From the first line through the line containing "All Bodies Are", transcribe the records exactly and include no other lines.

Dataset entries:
++++++++++++++++++++
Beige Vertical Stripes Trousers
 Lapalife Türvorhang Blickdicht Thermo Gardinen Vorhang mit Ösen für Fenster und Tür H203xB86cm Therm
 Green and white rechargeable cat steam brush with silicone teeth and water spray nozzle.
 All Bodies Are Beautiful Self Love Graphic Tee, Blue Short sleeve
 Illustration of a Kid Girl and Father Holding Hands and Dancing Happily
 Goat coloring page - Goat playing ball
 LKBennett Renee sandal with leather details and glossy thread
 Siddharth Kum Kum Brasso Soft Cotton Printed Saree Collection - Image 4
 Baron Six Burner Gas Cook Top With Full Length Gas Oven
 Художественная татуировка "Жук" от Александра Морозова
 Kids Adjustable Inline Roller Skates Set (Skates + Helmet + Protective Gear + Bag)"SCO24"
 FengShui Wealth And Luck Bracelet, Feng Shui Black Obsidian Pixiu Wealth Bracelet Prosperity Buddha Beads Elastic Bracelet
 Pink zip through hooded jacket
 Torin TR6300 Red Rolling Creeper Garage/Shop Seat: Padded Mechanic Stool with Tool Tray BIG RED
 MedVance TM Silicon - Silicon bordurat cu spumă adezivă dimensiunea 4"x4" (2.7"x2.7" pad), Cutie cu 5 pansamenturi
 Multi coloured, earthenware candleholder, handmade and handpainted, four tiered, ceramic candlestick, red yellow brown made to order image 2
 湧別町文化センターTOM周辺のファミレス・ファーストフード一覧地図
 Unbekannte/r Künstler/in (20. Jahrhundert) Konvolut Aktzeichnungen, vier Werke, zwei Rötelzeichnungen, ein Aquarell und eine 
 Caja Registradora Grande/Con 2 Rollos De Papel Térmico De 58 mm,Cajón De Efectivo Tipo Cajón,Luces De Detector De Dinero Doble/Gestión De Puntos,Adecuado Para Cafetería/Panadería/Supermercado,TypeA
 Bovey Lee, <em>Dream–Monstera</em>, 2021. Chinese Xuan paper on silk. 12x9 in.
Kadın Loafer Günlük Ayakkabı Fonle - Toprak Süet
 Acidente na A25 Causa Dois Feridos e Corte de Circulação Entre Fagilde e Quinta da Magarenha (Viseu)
++++++++++++++++++++
* [Reply to the exercise]
Beige Vertical Stripes Trousers
 Lapalife Türvorhang Blickdicht Thermo Gardinen Vorhang mit Ösen für Fenster und Tür H203xB86cm Therm
 Green and white rechargeable cat steam brush with silicone teeth and water spray nozzle.
 All Bodies Are Beautiful Self Love Graphic Tee, Blue Short sleeve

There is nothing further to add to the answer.